• **What you have to do**
Below are entries. Reproduce exactly the lines between the line holding "08 group of" and the line holding "James Norton is", inclusive, and only those.

··· Provided material ···

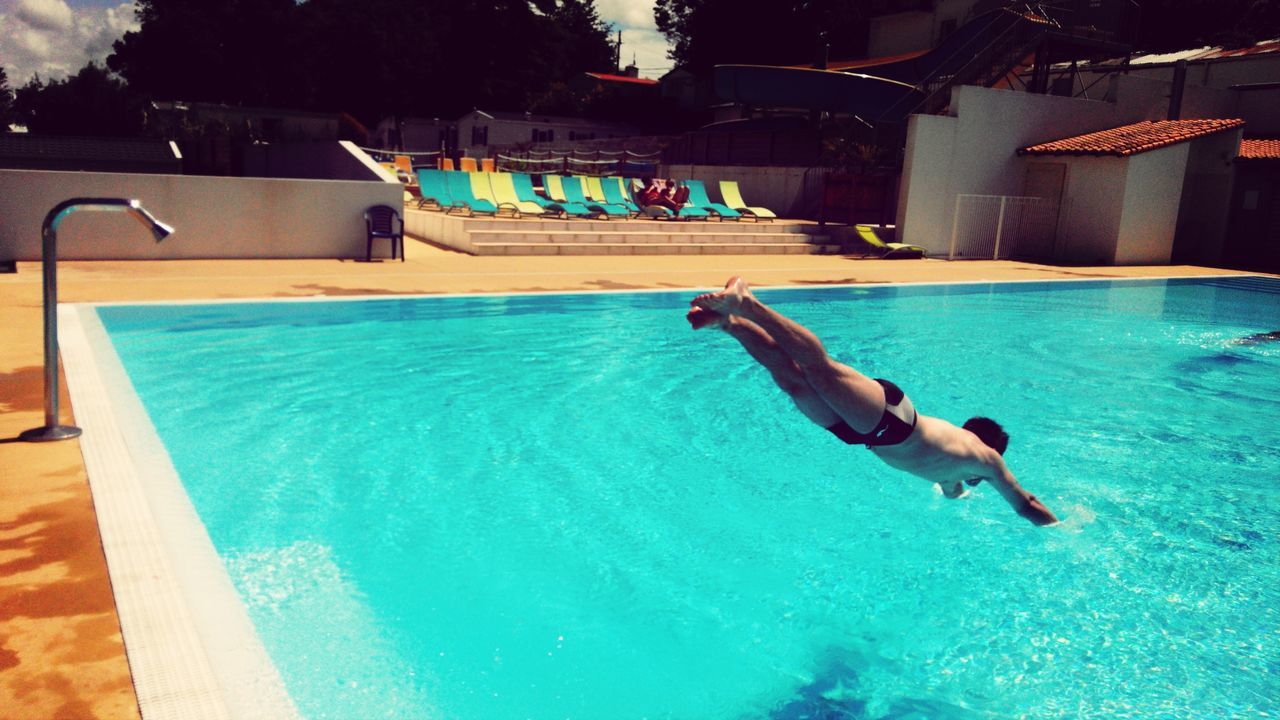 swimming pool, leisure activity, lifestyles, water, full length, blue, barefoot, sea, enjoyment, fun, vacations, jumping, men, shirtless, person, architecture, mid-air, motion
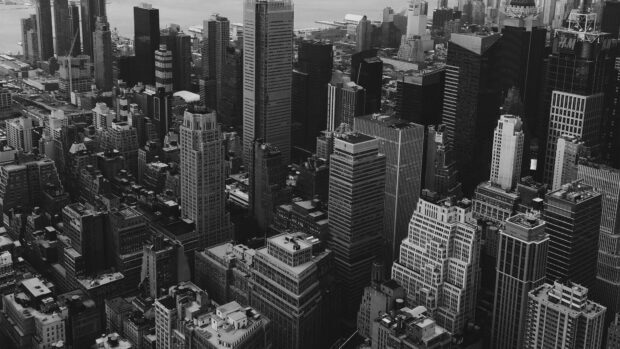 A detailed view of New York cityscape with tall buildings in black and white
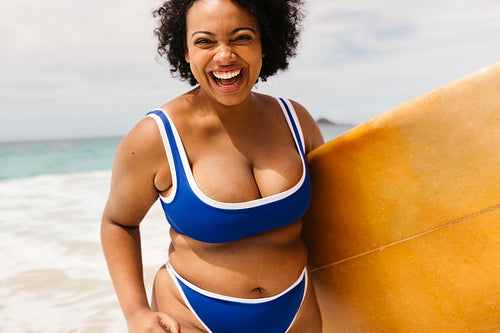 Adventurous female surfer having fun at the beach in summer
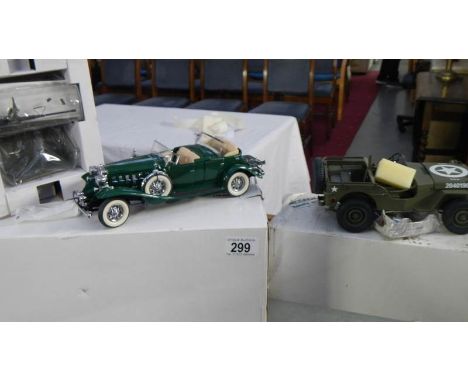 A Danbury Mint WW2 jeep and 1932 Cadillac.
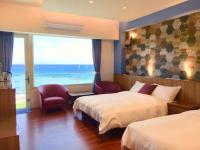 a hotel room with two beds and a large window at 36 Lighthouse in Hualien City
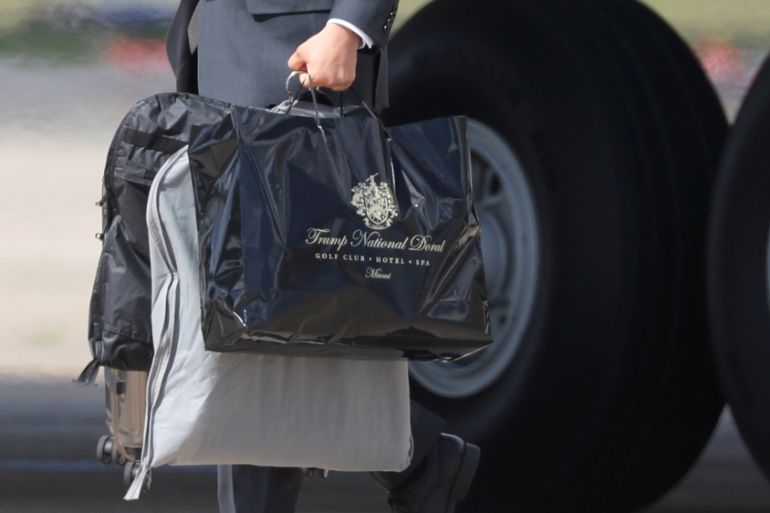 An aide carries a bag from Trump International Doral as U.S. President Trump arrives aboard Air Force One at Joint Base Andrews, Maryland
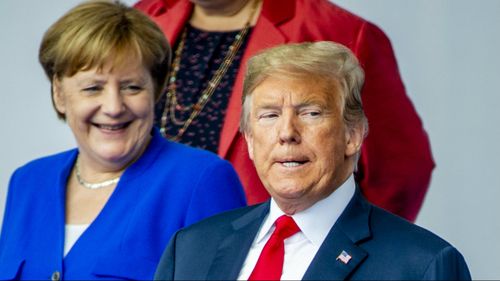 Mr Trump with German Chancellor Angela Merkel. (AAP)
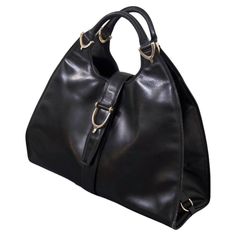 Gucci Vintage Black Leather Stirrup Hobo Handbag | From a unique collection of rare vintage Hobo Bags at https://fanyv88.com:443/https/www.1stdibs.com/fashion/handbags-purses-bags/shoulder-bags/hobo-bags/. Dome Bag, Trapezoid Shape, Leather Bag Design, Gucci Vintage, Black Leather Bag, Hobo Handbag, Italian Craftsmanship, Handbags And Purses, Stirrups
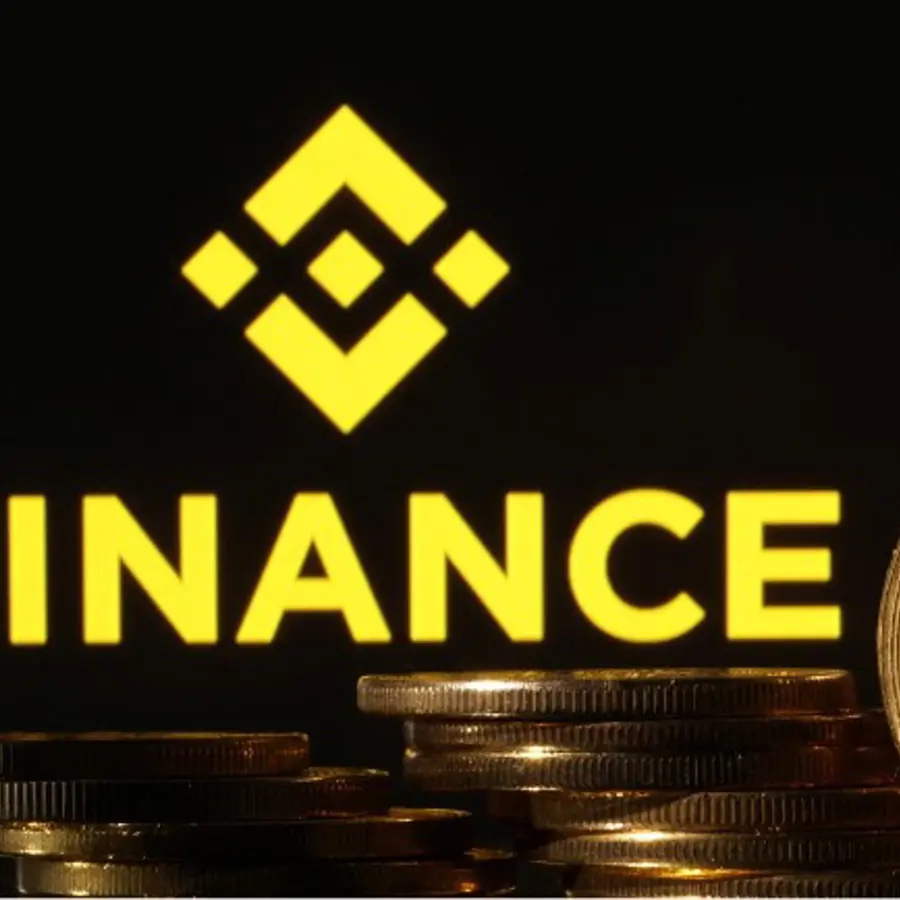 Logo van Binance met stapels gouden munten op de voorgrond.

···
··· Provided material ···

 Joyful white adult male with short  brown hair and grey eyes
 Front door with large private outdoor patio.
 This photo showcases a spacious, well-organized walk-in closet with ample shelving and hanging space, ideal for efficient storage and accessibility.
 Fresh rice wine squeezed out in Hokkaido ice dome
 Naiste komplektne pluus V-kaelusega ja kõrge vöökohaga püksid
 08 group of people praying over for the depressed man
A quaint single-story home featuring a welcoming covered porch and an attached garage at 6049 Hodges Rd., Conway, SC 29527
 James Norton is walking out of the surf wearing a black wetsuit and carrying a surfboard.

···
··· Provided material ···

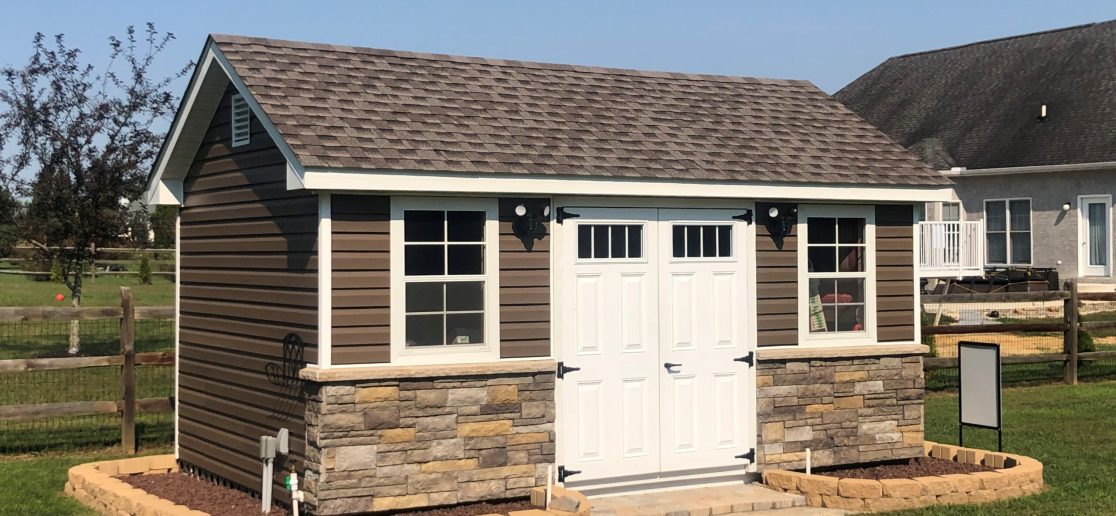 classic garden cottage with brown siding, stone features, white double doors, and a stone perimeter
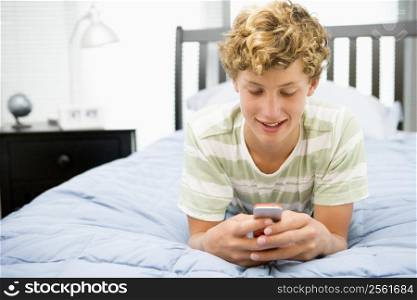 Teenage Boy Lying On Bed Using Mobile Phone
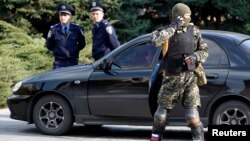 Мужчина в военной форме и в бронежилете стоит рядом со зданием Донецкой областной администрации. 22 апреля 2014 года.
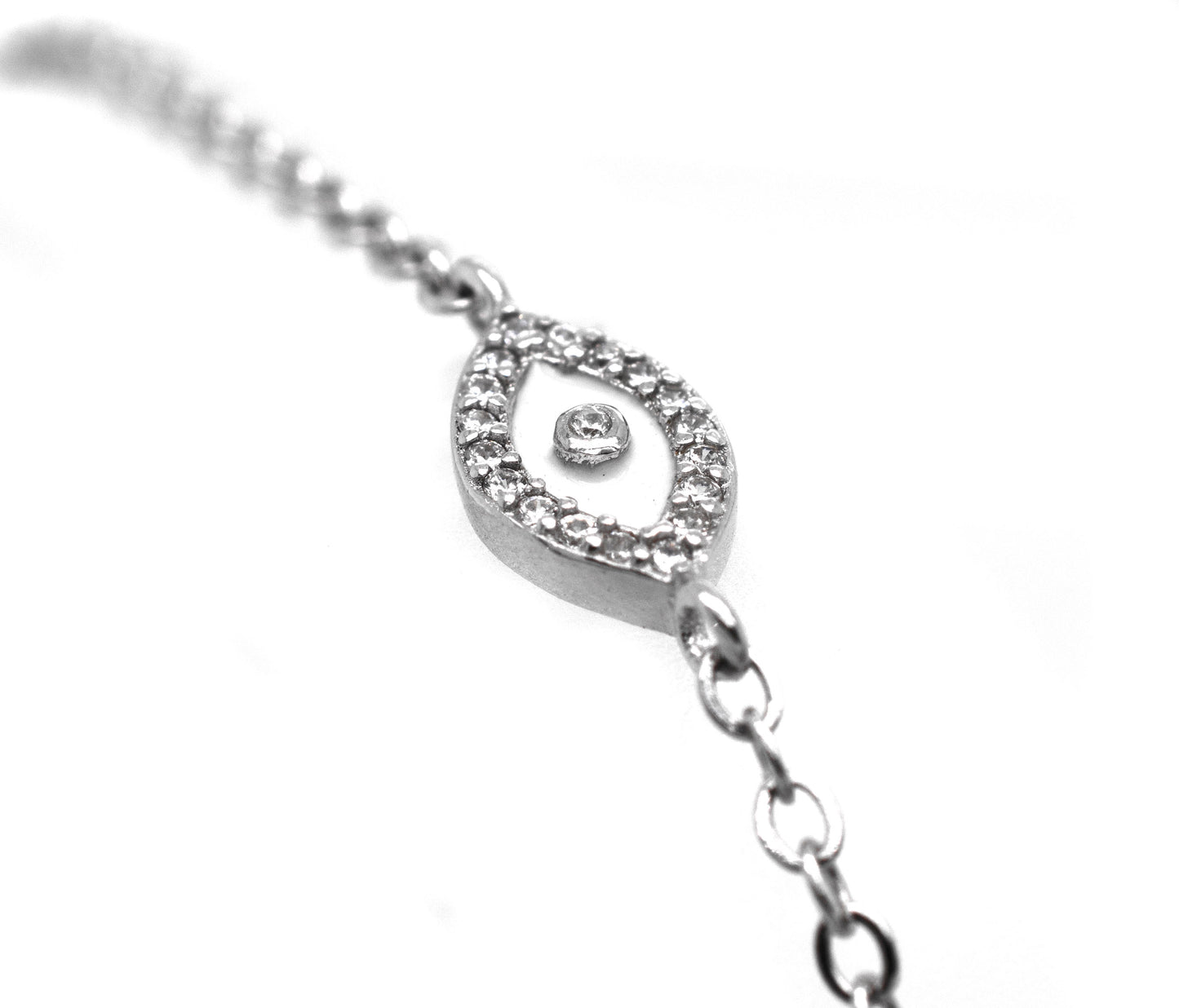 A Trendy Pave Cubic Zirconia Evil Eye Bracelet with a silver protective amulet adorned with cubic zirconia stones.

···

• **Response area**
 08 group of people praying over for the depressed man
A quaint single-story home featuring a welcoming covered porch and an attached garage at 6049 Hodges Rd., Conway, SC 29527
 James Norton is walking out of the surf wearing a black wetsuit and carrying a surfboard.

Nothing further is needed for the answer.